PROBLEM: For this task, output exactly the lines of the material below starting at the line with "Buty sportowe damskie casual" and ending at the line with "Other - 107"; pictures are to be excluded.

MATERIAL FOR THE TASK:

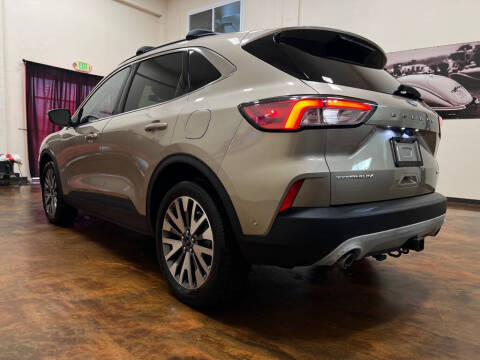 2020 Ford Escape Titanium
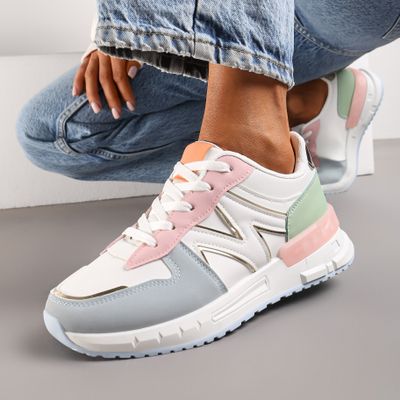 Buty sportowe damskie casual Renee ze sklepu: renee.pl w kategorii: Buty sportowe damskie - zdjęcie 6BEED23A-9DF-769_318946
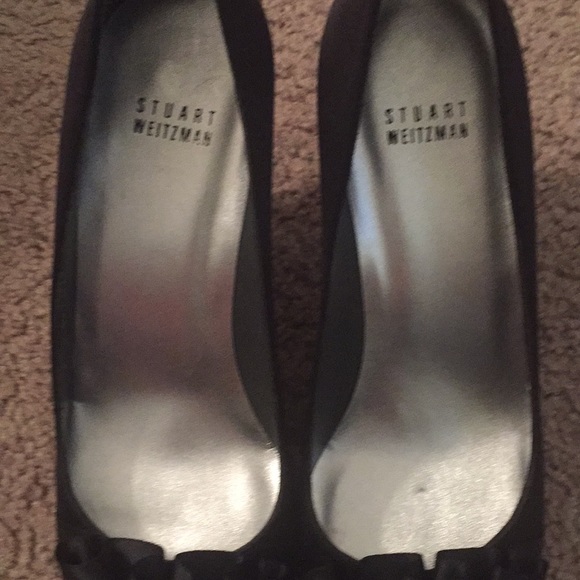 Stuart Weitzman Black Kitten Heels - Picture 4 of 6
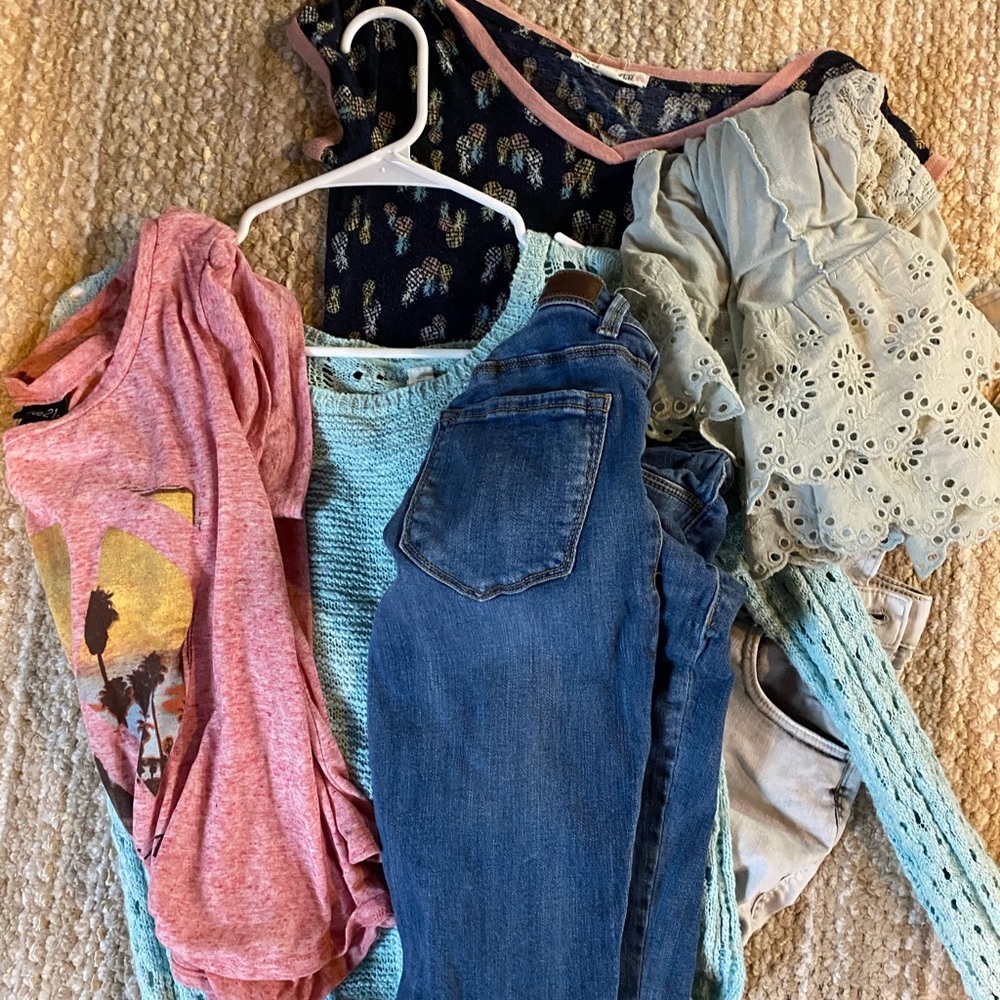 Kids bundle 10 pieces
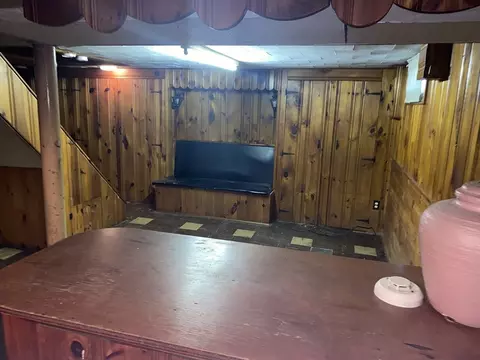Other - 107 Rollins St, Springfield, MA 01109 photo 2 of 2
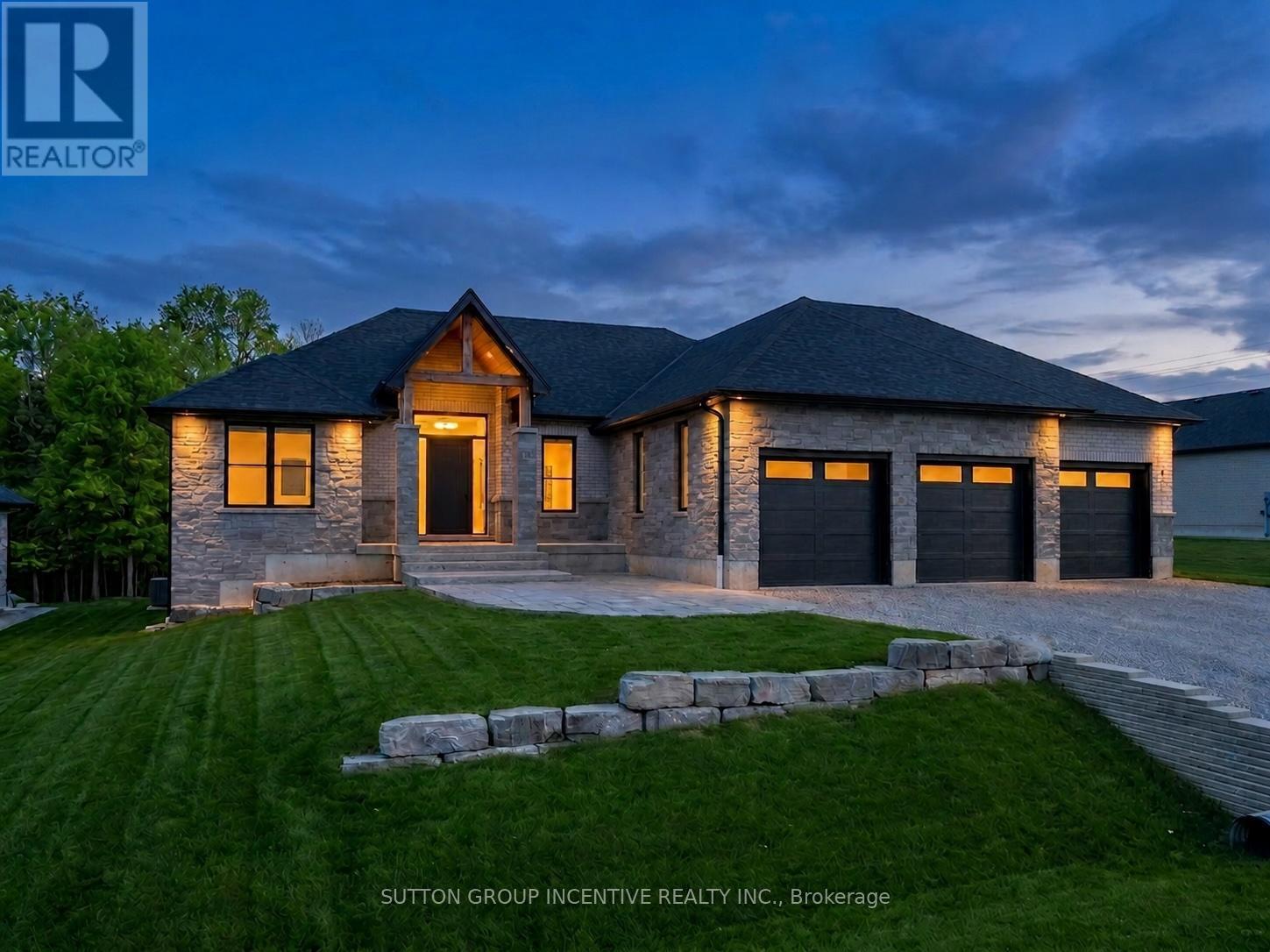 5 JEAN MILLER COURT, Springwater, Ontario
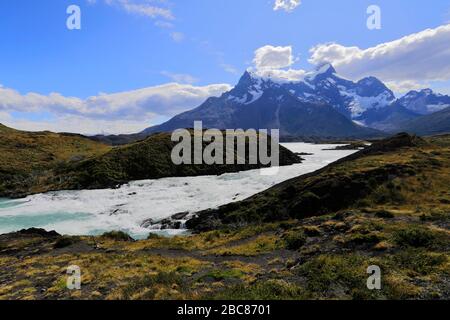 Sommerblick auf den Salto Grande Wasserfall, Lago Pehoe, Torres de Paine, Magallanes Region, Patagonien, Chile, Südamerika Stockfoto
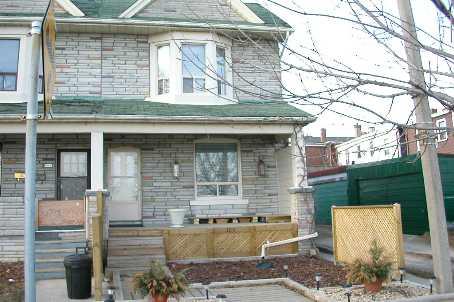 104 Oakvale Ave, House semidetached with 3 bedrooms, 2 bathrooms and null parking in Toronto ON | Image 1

...

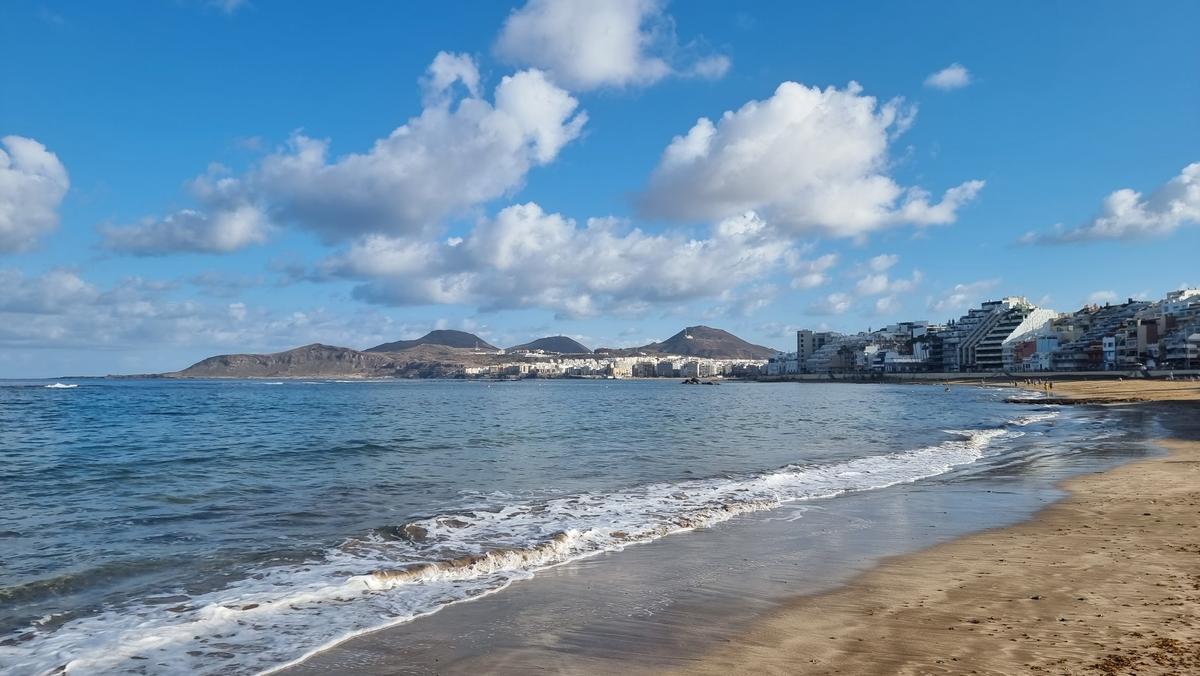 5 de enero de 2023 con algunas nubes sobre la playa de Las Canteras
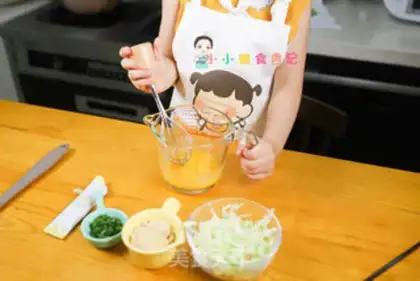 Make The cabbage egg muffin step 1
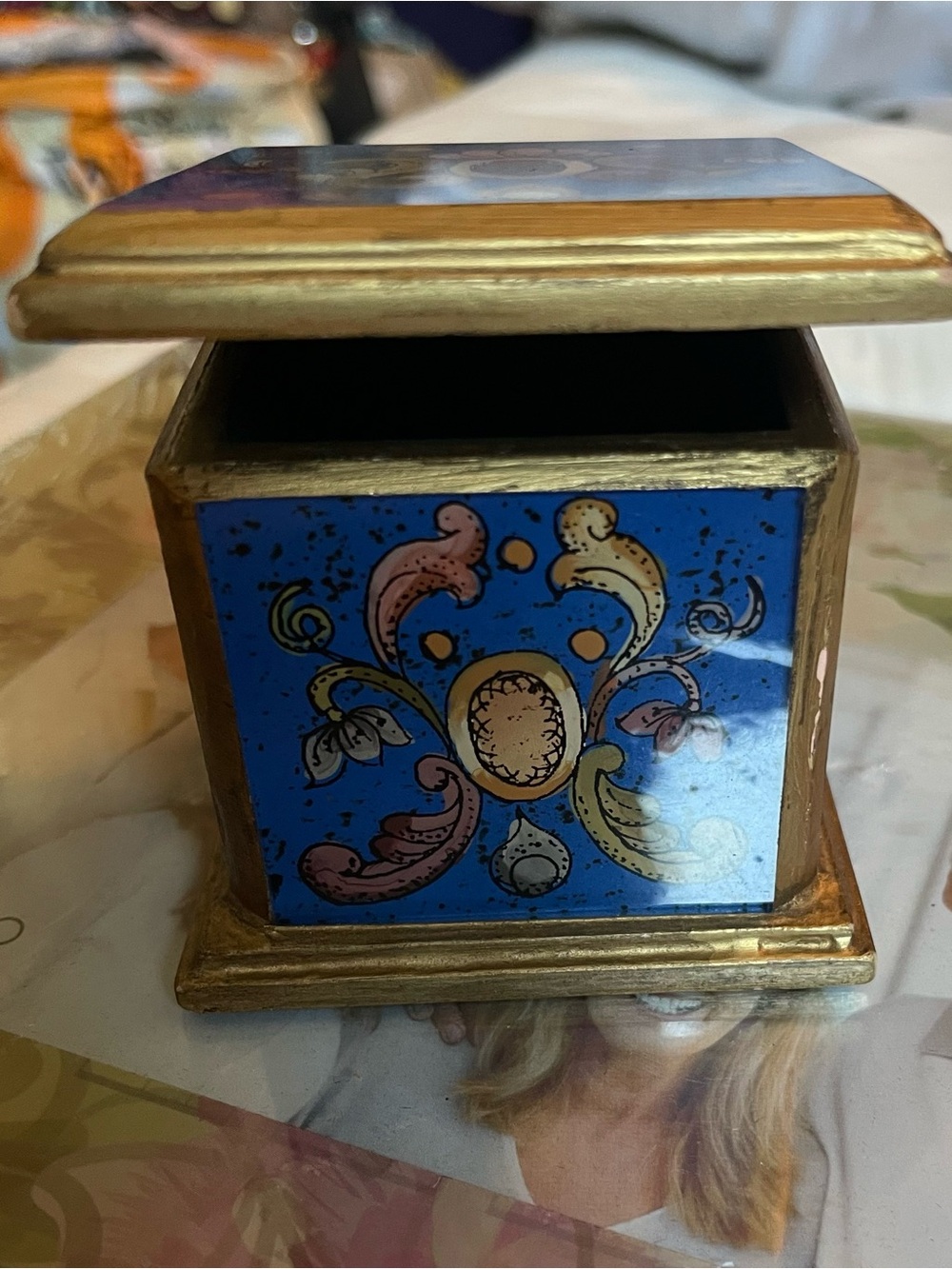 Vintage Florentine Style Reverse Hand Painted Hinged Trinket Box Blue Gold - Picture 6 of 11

==

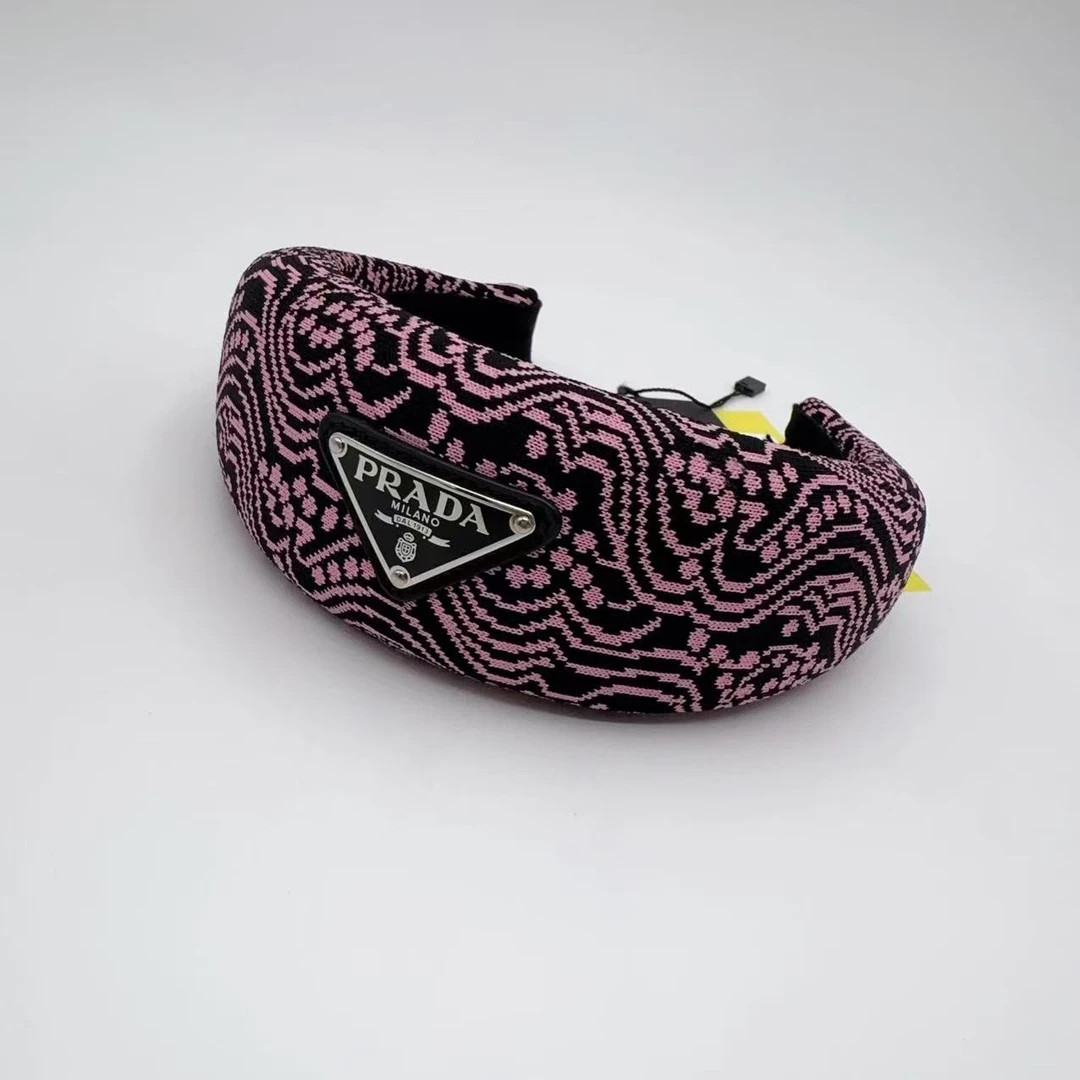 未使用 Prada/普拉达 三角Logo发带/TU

PROBLEM SOLUTION:
 Buty sportowe damskie casual Renee ze sklepu: renee.pl w kategorii: Buty sportowe damskie - zdjęcie 6BEED23A-9DF-769_318946
 Stuart Weitzman Black Kitten Heels - Picture 4 of 6
 Kids bundle 10 pieces
Other - 107 Rollins St, Springfield, MA 01109 photo 2 of 2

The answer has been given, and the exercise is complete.